WHAT NEEDS TO BE DONE
Please give back the lines from the line containing "Подержанный автомобиль Jaguar" through the end of the listing below, exactly as written and without pictures.

GIVEN DATA
☆ ☆ ☆ ☆ ☆

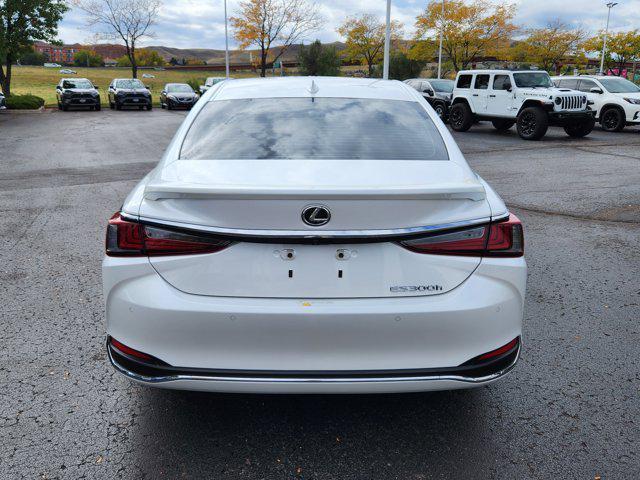 used 2025 Lexus ES 300h car, priced at $48,278
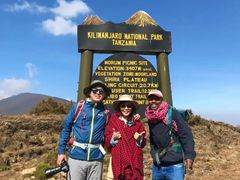 -乞力马扎罗山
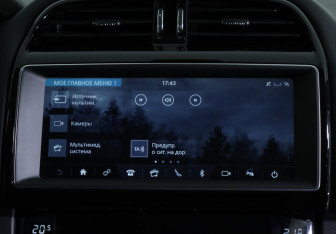 Подержанный автомобиль Jaguar F-Pace 2019 года (12 фото)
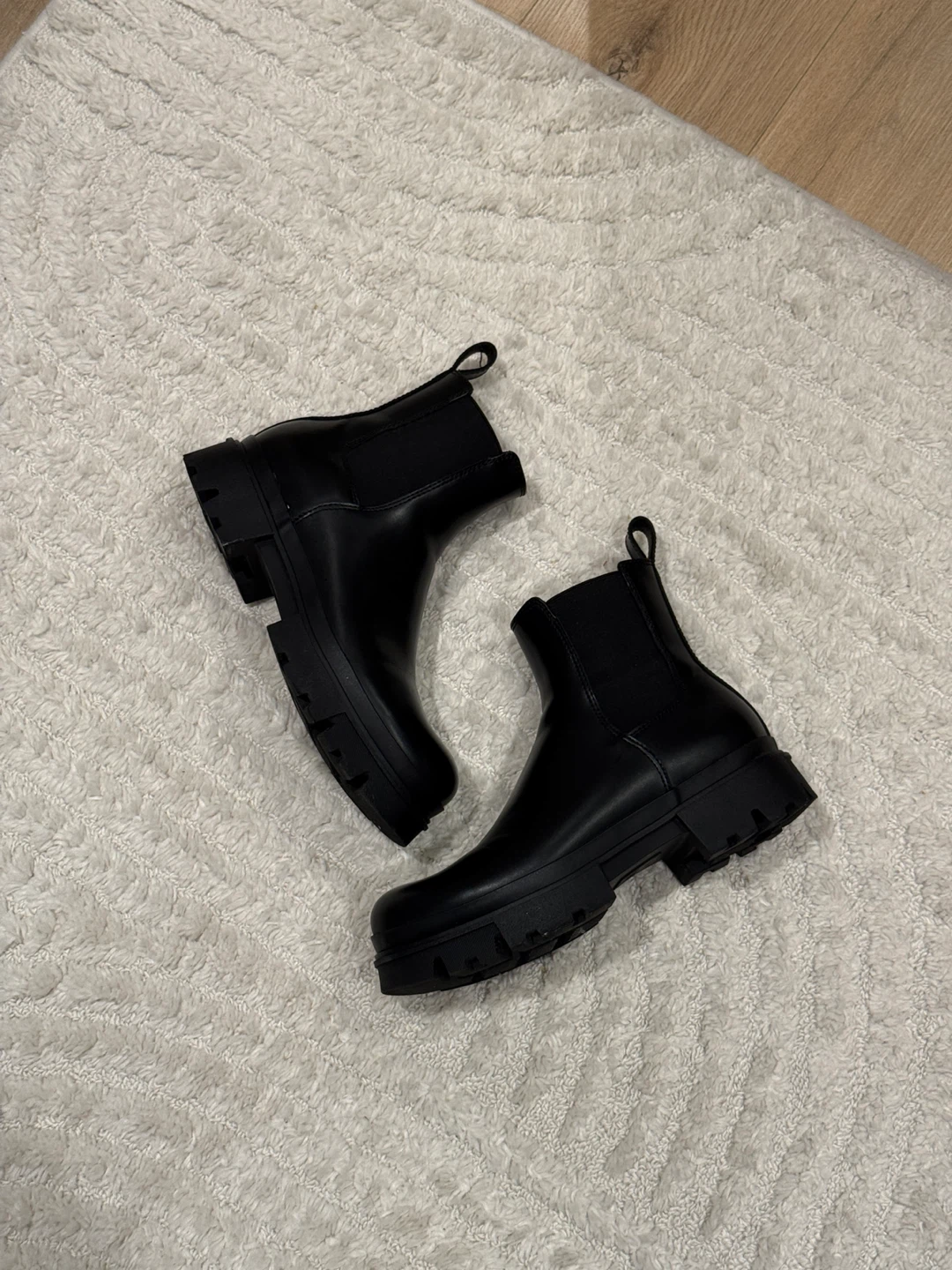 Black Chunky Chelsea Boots - Man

☆ ☆ ☆ ☆ ☆

ANSWER TO THE EXERCISE
 Подержанный автомобиль Jaguar F-Pace 2019 года (12 фото)
 Black Chunky Chelsea Boots - Man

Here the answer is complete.